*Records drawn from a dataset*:
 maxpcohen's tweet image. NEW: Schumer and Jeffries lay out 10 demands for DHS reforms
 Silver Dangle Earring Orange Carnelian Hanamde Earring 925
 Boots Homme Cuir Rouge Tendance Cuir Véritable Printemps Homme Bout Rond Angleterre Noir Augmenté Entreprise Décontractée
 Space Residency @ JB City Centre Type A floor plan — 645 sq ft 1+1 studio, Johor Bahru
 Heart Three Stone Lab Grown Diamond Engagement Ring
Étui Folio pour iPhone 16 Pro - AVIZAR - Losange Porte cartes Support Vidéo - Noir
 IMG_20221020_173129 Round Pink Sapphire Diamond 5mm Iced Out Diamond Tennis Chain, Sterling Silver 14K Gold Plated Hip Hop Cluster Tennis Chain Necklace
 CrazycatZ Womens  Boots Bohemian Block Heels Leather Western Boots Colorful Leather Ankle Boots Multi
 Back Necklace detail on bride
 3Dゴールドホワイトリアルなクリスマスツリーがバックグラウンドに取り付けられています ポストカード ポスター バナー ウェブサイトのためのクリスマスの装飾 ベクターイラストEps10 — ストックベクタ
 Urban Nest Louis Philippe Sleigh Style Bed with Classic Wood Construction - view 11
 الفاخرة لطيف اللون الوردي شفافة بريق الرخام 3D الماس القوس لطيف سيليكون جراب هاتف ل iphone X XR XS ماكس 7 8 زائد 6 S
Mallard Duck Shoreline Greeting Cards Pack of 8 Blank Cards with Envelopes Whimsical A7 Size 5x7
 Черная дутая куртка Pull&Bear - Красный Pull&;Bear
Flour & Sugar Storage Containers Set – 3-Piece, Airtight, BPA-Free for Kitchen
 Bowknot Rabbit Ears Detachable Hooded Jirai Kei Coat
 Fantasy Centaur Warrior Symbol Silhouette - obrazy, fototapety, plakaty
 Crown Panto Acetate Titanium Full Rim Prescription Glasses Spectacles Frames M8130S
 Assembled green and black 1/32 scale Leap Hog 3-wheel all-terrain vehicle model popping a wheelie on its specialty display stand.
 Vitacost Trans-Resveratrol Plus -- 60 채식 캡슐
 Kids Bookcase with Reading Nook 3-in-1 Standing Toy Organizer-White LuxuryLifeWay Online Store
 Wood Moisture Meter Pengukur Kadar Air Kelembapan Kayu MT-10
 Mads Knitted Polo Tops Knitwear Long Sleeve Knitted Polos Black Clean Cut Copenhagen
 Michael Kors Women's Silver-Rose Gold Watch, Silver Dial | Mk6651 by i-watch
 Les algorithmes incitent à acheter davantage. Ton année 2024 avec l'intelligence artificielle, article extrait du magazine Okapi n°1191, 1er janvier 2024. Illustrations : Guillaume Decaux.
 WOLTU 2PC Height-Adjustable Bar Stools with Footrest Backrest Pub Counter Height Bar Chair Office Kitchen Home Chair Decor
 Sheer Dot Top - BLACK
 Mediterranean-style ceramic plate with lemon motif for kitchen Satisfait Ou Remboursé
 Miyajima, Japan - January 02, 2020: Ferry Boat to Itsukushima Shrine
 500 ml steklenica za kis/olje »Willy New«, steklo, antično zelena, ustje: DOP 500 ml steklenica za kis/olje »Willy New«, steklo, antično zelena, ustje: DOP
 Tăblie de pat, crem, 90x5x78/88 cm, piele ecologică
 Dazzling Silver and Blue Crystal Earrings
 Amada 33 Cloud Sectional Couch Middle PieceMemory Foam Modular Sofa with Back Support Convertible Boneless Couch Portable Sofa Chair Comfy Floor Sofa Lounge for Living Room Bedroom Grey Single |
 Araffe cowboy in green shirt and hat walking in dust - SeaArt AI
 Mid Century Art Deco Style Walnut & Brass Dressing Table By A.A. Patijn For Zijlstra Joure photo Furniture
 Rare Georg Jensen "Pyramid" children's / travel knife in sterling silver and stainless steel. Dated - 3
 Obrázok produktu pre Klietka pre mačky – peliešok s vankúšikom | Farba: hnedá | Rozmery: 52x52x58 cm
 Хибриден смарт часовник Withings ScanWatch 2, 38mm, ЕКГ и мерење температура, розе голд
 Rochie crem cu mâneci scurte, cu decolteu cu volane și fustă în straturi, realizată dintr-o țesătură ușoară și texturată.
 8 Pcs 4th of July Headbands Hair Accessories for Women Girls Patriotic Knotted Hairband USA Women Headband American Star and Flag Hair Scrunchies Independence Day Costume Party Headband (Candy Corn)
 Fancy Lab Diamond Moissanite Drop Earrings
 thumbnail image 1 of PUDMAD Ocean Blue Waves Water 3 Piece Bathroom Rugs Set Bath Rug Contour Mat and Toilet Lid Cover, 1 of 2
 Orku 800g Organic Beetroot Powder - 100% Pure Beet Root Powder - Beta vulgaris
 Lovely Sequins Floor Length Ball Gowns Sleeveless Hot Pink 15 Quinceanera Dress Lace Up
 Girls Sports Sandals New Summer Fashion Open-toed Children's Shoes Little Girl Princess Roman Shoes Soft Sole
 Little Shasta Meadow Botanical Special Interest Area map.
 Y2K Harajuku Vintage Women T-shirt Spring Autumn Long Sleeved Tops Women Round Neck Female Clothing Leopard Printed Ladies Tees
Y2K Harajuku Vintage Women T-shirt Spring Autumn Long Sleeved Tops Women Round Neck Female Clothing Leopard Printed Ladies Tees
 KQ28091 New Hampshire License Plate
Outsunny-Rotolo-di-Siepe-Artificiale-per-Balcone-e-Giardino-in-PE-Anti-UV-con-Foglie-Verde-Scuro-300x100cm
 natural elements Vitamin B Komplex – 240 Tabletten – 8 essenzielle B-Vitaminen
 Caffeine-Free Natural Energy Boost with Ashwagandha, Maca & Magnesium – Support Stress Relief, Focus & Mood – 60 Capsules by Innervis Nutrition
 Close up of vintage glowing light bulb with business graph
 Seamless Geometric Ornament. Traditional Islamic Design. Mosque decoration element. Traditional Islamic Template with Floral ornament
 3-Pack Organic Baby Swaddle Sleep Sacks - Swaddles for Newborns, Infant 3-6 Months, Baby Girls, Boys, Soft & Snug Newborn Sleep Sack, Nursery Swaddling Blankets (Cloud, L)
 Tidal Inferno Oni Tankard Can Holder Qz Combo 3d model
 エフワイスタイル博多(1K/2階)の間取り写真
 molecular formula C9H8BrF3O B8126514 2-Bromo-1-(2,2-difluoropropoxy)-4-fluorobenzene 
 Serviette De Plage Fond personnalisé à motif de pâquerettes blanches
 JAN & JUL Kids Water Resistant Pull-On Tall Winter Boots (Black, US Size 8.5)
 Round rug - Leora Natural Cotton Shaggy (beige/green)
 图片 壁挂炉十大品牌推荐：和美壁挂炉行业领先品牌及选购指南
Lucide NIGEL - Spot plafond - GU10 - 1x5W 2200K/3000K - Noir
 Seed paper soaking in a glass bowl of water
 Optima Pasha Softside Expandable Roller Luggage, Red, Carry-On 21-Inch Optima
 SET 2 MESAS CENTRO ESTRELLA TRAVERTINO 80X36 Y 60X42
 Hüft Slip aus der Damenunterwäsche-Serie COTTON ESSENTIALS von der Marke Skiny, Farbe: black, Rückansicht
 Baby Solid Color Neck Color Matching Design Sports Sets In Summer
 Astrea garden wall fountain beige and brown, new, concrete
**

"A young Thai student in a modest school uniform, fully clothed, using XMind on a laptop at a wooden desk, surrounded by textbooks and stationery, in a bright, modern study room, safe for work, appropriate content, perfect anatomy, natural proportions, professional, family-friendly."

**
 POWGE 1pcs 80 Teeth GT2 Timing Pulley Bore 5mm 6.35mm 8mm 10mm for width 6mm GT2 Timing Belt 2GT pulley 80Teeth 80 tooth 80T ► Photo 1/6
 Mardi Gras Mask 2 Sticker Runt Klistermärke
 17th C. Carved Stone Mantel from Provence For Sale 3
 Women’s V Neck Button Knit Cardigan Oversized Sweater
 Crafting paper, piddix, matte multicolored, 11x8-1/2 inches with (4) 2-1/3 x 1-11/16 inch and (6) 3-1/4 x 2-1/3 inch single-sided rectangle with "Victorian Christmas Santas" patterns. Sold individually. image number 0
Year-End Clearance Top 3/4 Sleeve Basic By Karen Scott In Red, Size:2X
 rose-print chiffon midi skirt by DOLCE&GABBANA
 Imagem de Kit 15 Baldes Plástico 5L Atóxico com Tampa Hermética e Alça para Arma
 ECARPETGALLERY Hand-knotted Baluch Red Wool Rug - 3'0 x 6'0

*Action item*:
Nothing but the lines from the one containing "Year-End Clearance Top" to the end of the records above should appear, each copied exactly.

*Response to this task*:
Year-End Clearance Top 3/4 Sleeve Basic By Karen Scott In Red, Size:2X
 rose-print chiffon midi skirt by DOLCE&GABBANA
 Imagem de Kit 15 Baldes Plástico 5L Atóxico com Tampa Hermética e Alça para Arma
 ECARPETGALLERY Hand-knotted Baluch Red Wool Rug - 3'0 x 6'0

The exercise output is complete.